Abstracts - 1997 ANNUAL TECHNICAL CONFERENCE
Adaptive and Reliable Parallel Computing
on Networks of Workstations
Robert D. Blumofe, University of Texas, and Philip A. Lisiecki, MIT
Abstract
In this paper, we present the design of Cilk-NOW, a runtime system
that adaptively and reliably executes functional Cilk programs in
parallel on a network of UNIX workstations. Cilk (pronounced "silk")
is a parallel multithreaded extension of the C language, and all Cilk runtime
systems employ a provably efficient thread-scheduling algorithm. Cilk-NOW
is such a runtime system, and in addition, Cilk-NOW automatically delivers
adaptive and reliable execution for a functional subset of Cilk programs.
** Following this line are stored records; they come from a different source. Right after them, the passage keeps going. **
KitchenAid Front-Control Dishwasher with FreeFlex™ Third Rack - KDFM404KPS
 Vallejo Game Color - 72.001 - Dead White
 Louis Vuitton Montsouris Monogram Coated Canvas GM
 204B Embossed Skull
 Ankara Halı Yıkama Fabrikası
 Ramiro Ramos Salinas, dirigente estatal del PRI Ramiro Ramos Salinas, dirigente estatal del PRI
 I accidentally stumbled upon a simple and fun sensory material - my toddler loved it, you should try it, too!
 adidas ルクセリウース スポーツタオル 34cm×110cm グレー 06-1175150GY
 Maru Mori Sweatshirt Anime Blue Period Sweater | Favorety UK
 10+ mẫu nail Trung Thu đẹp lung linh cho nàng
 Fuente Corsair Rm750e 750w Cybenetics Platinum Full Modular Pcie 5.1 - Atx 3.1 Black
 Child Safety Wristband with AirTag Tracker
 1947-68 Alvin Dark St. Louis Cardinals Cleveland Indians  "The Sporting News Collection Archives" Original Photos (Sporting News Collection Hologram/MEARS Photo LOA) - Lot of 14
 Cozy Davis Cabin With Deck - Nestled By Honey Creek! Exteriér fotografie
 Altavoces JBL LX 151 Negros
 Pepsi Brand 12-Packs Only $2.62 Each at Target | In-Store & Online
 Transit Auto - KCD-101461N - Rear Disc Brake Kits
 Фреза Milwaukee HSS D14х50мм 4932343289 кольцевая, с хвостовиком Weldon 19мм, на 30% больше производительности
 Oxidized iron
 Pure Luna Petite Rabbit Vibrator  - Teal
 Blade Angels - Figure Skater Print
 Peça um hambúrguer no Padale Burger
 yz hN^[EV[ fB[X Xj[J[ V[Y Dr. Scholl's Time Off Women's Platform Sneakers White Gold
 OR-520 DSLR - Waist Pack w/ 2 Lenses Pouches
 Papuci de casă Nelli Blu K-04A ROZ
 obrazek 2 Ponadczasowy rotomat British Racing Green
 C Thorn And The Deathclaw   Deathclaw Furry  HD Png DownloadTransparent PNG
By adaptive execution, we mean that each Cilk program dynamically utilizes
a changing set of otherwise-idle workstations. By reliable execution, we
mean that the Cilk-NOW system as a whole and each executing Cilk program
are able to tolerate machine and network faults. Cilk-NOW provides these
features while programs remain fault oblivious, meaning that Cilk
programmers need not code for fault tolerance. Throughout this paper, we
focus on end-to-end design decisions, and we show how these decisions allow
the design to exploit high-level algorithmic properties of the Cilk programming
model in order to simplify and streamline the implementation.
|